B) Linux has had Device Tree handling of the dma-ranges in
   place for some time. It supports "C0T" XHCI use in a manor
   that avoids needing the bouncing. For "B0T" it uses the
   dma-ranges and spans the 3 GiByte range as well. Fedora
   uses U-Boot. RaspiOS64 (my abbreviation) does not (nor does
   it use EDK2). Both avoid bouncing for "C0T". (I've not
   looked at others in operation.)

C) The EDK2 implementation treats "C0T" parts in same the manor
   it handles the "B0T" parts. So bounce buffers end up being
   used for above the lower 3 GiBytes. Thus, even if something
   using EDK2 could support avoiding that bouncing for "C0T"
   parts, it would not avoid such: only a smaller-size aspect
   is published, using an identity for the address space
   translation. But see below for OpenBSD mixed with
   EDK2/DeviceTree.

D) For EDK2/DeviceTree, OpenBSD actually undoes some of what EDK2
   provides. This was for OPenBSD to support more modern RPi*
   firmware to support more modern devices according to comments
   in the code. (Some of what EDK2 does was to avoid earlier
   problems with OpenBSD and Linux when used with EDK2. So much
   for a clean firmware/OS partitioning.)
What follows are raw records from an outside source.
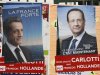 Posters of France's Socialist Party candidate Francois Hollande,  and France's President and candidate for re-election, in the 2012 French presidential election, Nicolas Sarkozy, are posted in front of a school, in Marseille, southern France, Thursday, April 26, 2012. The second round of the presidential elections will take place on May 6, 2012. (AP Photo/Claude Paris)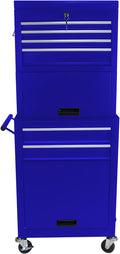Rolling Tool Chest with 6 Drawers, Lockable Steel Tool Cabinet on Wheels with Detachable Top Box, Garage Workshop Storage Organizer, 2-in-1 Tool Box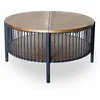 Image de MENZZO Table basse ronde avec rangement L84cm Curcuma Bois et Métal mareté Noir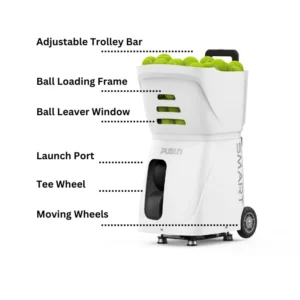 PT-Smart Tennis Ball Machine Portable Battery Powered White PT-Smart Tennis Ball Machine Portable Battery Powered White - Image 3
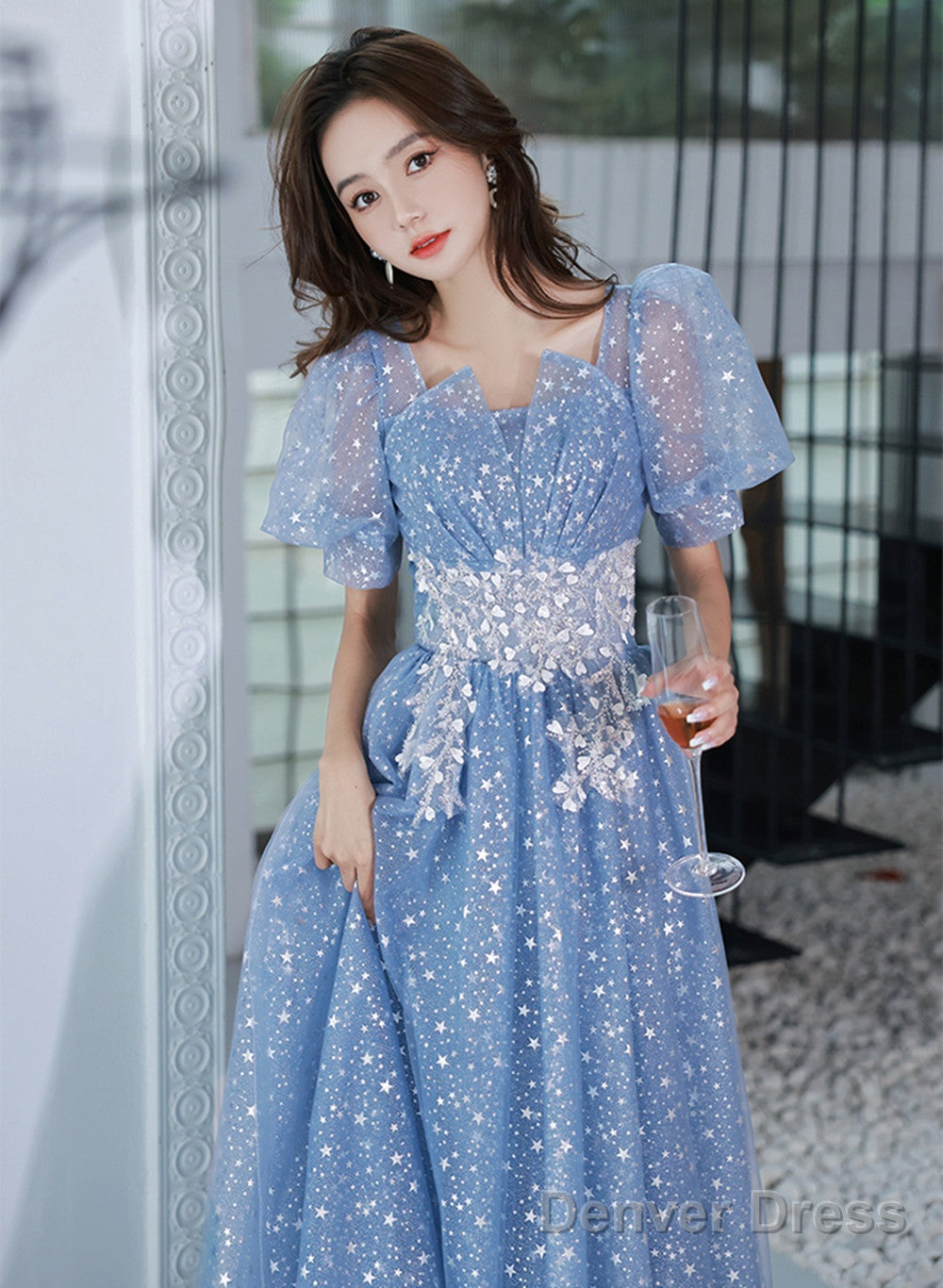 Light Blue Tulle A Line Floor Length Prom Dress, Light Blue Prom Dress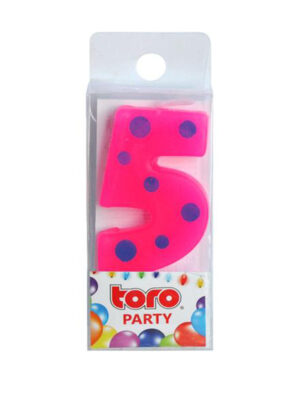 Tortová sviečka číslica "5" TORO zapichovacia 4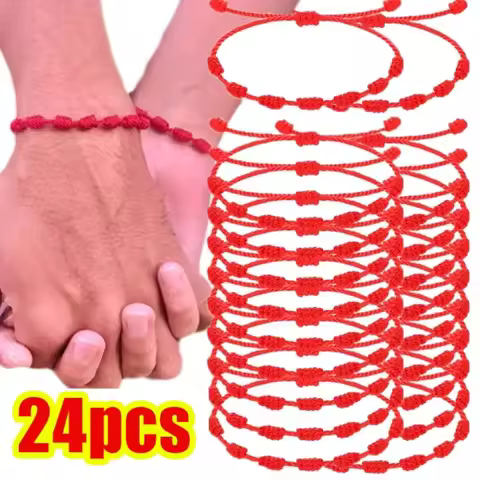 Red String Bracelets for Lucky 7 Knots Adjustable Handmade DIY Rope Bangles for Couple Frirends Amul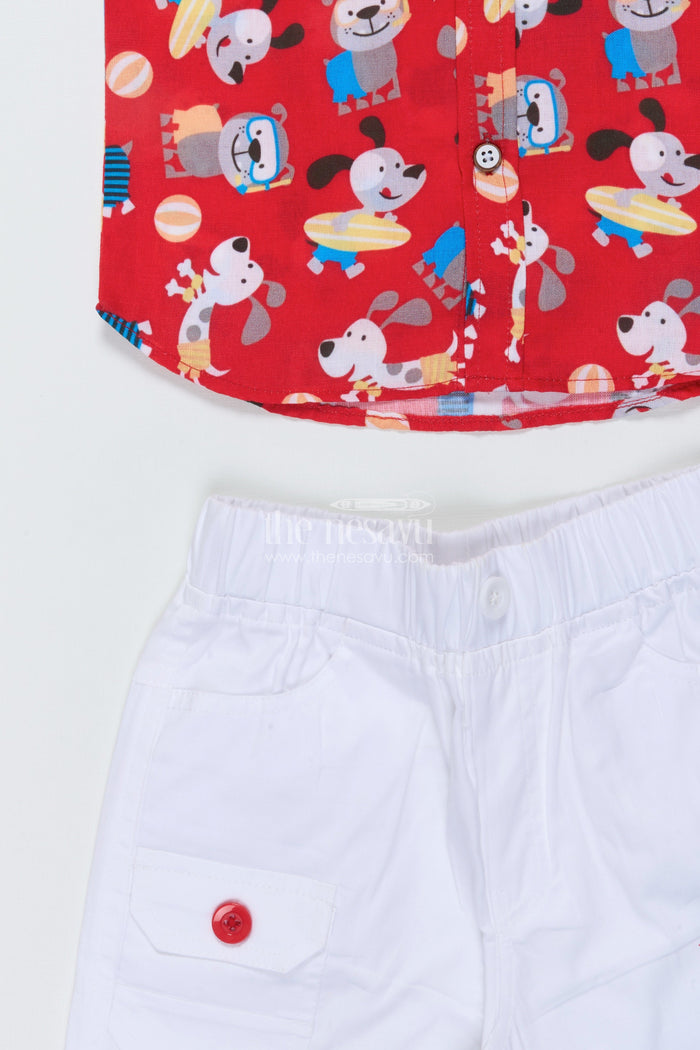 The Nesavu Boys Casual Set Toddler Boy Cotton Casual Set with Printed Shirt and Shorts for Everyday Outings Nesavu Nesavu toddler boy cotton casual wear set with printed shirt and shorts for daily comfort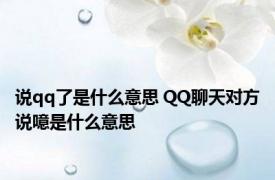 说qq了是什么意思 QQ聊天对方说噫是什么意思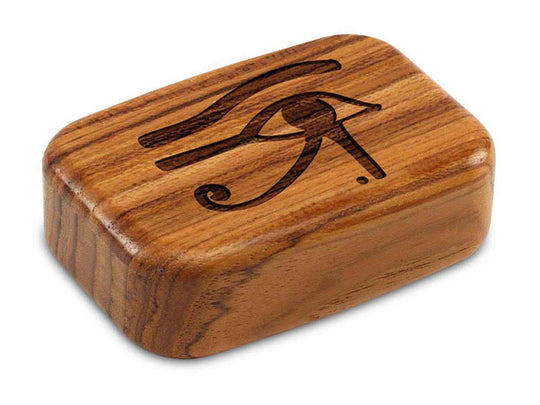 Top View of a 3" Med Wide Teak with laser engraved image of Eye of Horus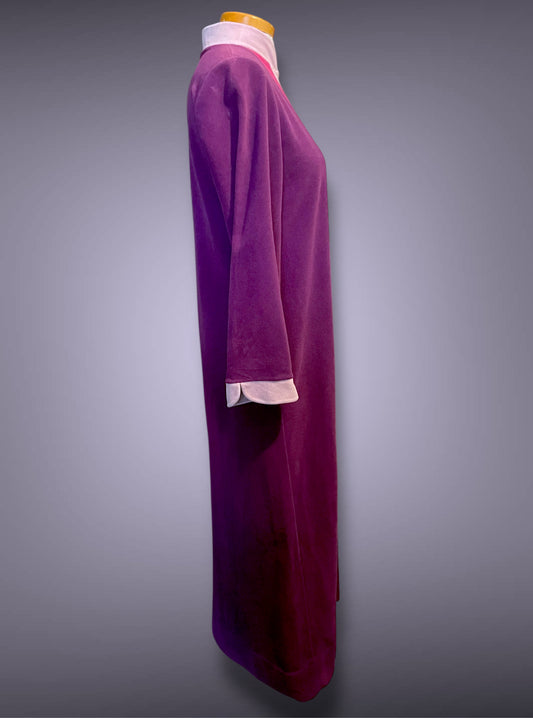 1970’s Vanity Fair Long Sleeve Purple & Pink Stripe Fuzzy House Coat Dress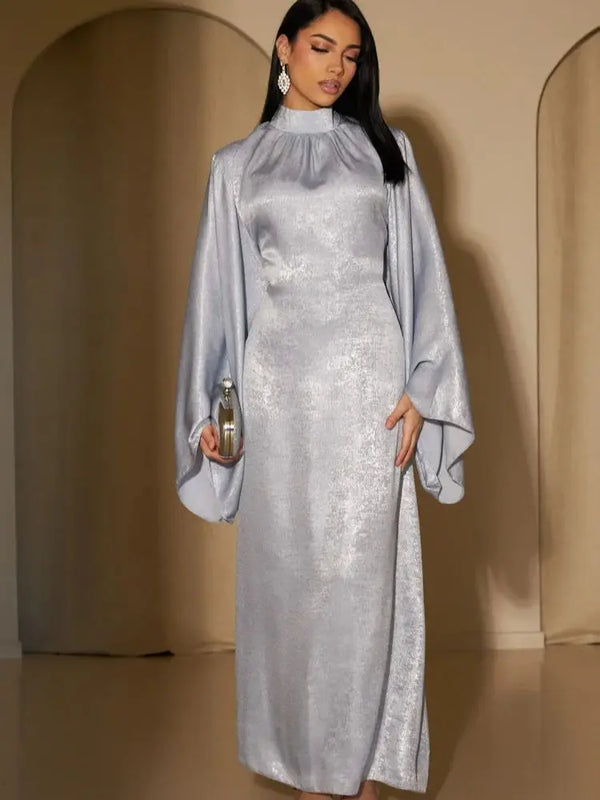 Saviig Ramadan Luxury Satin Abaya for Women - Elegant Dubai Kaftan Dress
E) NetBSD is based on UEFI/ACPI and, so, is an example of (C)
   for https://github.com/pftf/RPi4/ . I'm not sure if NetBSD
   would "just work" if EDK2 started to allow "C0T" parts to
   have the PCIe space vs. CPU memory space address
   translations that are involved in avoiding bouncing. As
   stands, it might be untested because of EDK2 avoiding
   involving such space translations: only a smaller-size
   aspect is actually in use --instead of a address space
   translation with a full-size.

F) FreeBSD Device Tree handling hand codes a "B0T"-like structure
   and ignores dma-ranges completely. If I have understood the
   PCIe/XHCI related code correctly, there is no general
   infrastructure for supporting the generality of the PCIe
   space vs. CPU memory space addressing translations that
   dma-ranges support would need to be effective. More than
   just decoding the dma-ranges in order to initialize an
   existing infrastructure would be required as far as code
   changes go from what I can tell.

   So, if I understand right, any Device Tree with dma-ranges
   indicating non-identity address space translations currently
   needs to hand code a no-address-translation alternative unless
   they go to the effort to add the infrastructure. It is not
   just an RPi* issue.

   Also, for an identity address space translation but a
   smaller-size, this too is ignored. But it appears that the
   existing infrastructure could be initialized for this case,
   if I understood correctly. It did not appear to have to be
   handled in RPi* specific code.

Note: FreeBSD's UEFI/ACPI support for the RPI4B used to not handle
even just the smaller-size aspect when the translation was just an
identity translation: it was set up such that one page past the
end of the smaller-size ended up being allowed to be used. That
lead to corrupted files and such in deliberate testing. I've not
checked the status of this in recent times.

===
Mark Millard
marklmi at yahoo.com